Pewnie nie raz podejmując taki wewnętrzny dialog tłumaczyłaś sobie to tym, że jesteś przecież taka ambitna, urodziłaś się aby zdobywać świat, więc jako silniejsza od innych po prostu to Twoja misja, radzić sobie z wiekszą ilością bodźców, krytyki, smutków, rozczarowań i Bóg wie czego jeszcze. Jesteś masterem, jedynym w swoim rodzaju, tylko Ty zbawisz świat. Tylko czemu to trwa tak długo? Czemu te sytuacje, w których czujesz się upokorzona, zraniona, niekochana, zdarzają się tak często? Przecież ludzie powinni wreszcie zacząć doceniać to że wkładasz całe serce w ratowanie świata, powinni wreszcie Cie zauważyć, a dzieje się inaczej. Ile lat już tak walczysz? 20, 30, 40, a może i 60? Nigdy nie zapaliła Ci się lampka, że coś tu jest nie tak? Że taki model, to może po prostu program innych ludzi, którzy w swej niedoskonałej powłoce ludzkiej po prostu nawalili kształtując Cię? Bo sami mieli problemy, kompleksy, słabe nawyki i przekonania?
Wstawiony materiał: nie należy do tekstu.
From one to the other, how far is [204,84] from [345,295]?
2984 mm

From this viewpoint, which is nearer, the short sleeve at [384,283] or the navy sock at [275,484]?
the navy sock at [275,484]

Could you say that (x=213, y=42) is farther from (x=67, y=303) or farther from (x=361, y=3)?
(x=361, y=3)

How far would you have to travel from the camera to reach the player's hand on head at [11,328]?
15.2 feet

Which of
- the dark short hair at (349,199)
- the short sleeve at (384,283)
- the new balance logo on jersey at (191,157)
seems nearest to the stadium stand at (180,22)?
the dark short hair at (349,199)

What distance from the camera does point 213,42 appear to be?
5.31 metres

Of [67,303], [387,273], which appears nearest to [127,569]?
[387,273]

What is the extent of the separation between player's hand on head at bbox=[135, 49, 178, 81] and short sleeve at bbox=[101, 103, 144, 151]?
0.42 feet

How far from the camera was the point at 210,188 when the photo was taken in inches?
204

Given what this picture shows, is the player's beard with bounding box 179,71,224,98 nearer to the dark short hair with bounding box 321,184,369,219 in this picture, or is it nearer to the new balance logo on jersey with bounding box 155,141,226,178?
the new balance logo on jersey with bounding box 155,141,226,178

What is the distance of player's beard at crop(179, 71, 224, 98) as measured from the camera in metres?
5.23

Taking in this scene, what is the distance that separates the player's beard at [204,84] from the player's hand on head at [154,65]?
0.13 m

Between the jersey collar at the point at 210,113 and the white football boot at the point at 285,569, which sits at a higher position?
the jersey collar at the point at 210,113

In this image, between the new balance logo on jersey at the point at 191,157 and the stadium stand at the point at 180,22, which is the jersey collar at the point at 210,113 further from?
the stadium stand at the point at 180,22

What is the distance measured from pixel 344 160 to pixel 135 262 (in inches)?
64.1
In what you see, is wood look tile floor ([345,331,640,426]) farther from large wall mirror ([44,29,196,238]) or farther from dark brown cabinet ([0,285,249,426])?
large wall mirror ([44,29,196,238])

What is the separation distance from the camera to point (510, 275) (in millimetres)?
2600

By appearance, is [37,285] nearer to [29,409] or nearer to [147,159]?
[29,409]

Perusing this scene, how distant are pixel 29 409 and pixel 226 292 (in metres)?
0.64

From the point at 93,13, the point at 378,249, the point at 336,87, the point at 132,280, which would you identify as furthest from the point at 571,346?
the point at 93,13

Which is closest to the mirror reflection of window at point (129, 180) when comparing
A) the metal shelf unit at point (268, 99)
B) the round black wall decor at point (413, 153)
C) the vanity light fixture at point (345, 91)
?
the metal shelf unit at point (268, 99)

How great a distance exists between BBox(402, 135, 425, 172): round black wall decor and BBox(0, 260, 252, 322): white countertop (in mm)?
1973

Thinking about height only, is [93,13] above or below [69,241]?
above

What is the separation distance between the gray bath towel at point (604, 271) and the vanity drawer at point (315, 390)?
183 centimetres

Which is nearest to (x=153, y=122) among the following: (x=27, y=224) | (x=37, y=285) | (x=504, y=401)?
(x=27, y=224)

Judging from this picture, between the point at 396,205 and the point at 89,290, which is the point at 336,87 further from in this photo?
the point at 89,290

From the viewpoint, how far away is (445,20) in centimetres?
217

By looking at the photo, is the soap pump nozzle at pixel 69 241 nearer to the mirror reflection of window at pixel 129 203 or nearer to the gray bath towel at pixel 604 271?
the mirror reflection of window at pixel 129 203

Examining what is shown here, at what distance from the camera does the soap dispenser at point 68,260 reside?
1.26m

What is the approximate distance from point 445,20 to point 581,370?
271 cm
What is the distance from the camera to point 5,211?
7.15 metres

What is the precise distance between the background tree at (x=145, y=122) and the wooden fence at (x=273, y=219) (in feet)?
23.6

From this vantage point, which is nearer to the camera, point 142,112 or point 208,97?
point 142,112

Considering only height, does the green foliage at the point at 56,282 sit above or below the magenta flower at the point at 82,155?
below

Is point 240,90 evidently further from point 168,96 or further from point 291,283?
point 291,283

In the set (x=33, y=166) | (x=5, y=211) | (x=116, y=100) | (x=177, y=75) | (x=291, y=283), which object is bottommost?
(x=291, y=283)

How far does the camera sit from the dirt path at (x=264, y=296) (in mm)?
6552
A może i się zapaliła, ale przecież my kobiety zbawczynie tego świata nie możemy uznać, że odpowiedzialność za jakieś istotne nasze zachowania mogą ponosić inni ludzie, nie my się takie urodziłyśmy, dumne, niepokonane, oraz pełne siły wewnętrznej.

Te – nazwijmy to ogólnie – kompleksy innych ludzi, którzy mieli na Ciebie wpływ od dzieciństwa po wiek dojrzewania są w dużej mierze odpowiedzialne za obraz Ciebie jako osoby silnej i niezniszczalnej. To nie Ty, nie Twój charakter, osobowość, numerologia czy horoskop :), to pewne uwarunkowania, które zaistniały, a Ty byłaś w ich obszarze rażenia. Żyjemy w świecie, gdzie jest kolektywne przyzwolenie na mocną, agresywną rywalizację, gdzie nie liczy się wspólnota, spokój i harmonia, a to kto i w jaki sposób osiągnie więcej kosztem innych.

Dlatego uważasz że musisz być silna, mieć na barkach problemy najbliższych. W imię czego? Dostaniesz więcej punktów gdzieś w hierarchii ludzkości? Myślisz, że ktoś wreszcie dostrzeże jaką jesteś na prawdę wspaniałą Kobietą, Matką, Żoną, Pracownikiem, Studentką? Przykro mi. na prawdę szczerze mi przykro, bo tak się nie stanie. Ci inni ludzie, oni są tak zajęci swoimi „sprawami”, oni ani nie myślą o Twoich codziennych dokonaniach, ani ich nie dostrzegają, bo oni sami są uwikłani w swoje historie.

To nie Ty. To są kompleksy innych. Nauczyłaś się pod wpływem krytyki, żeby dążyć do doskonałości, bo tylko taki obraz uchroni Cię przed emocjonalną porażką. Świetnie opisuje to dr Kristin Neff w swojej książce pt.; „Jak być dobrym dla siebie. Życie bez presji otoczenia, przygnębienia i poczucia winy” [TU znajdziesz e-booka w dobrej cenie]. Polecam Ci tą książkę, bo ma ona realny wpływ na zrozumienie w jaki sposób Twój umysł poradził sobie z dużą dozą krytyki kierowaną do Ciebie przez lata, jak ta krytyka wpłynęła na Twoje poostrzeganie świata, oraz w jaki sposób można uwolnić się z tej pętli przyczynowo – skutkowej i ZACZĄĆ ŻYĆ WŁASNYM ŻYCIEM.

Przerwij to, podejmij decyzję, że wracasz do siebie. To jedyny właściwy kierunek. Masz do tego prawo.

Masz prawo być i ładna i brzydka.
Masz prawo być i mądra i głupia.
Masz prawo być wrażliwa i silna.
Masz prawo być …………………………..
[tu możesz wstawić swoje przekonania z którymi sie zmagasz]

Pozwól sobie na to. Pozwól sobie być w tej dualności. Tylko w taki sposób żyjesz, doświadczasz obfitości swego istnienia. Tylko w taki sposób zbierasz swoje unikalne doświadczenia życiowe.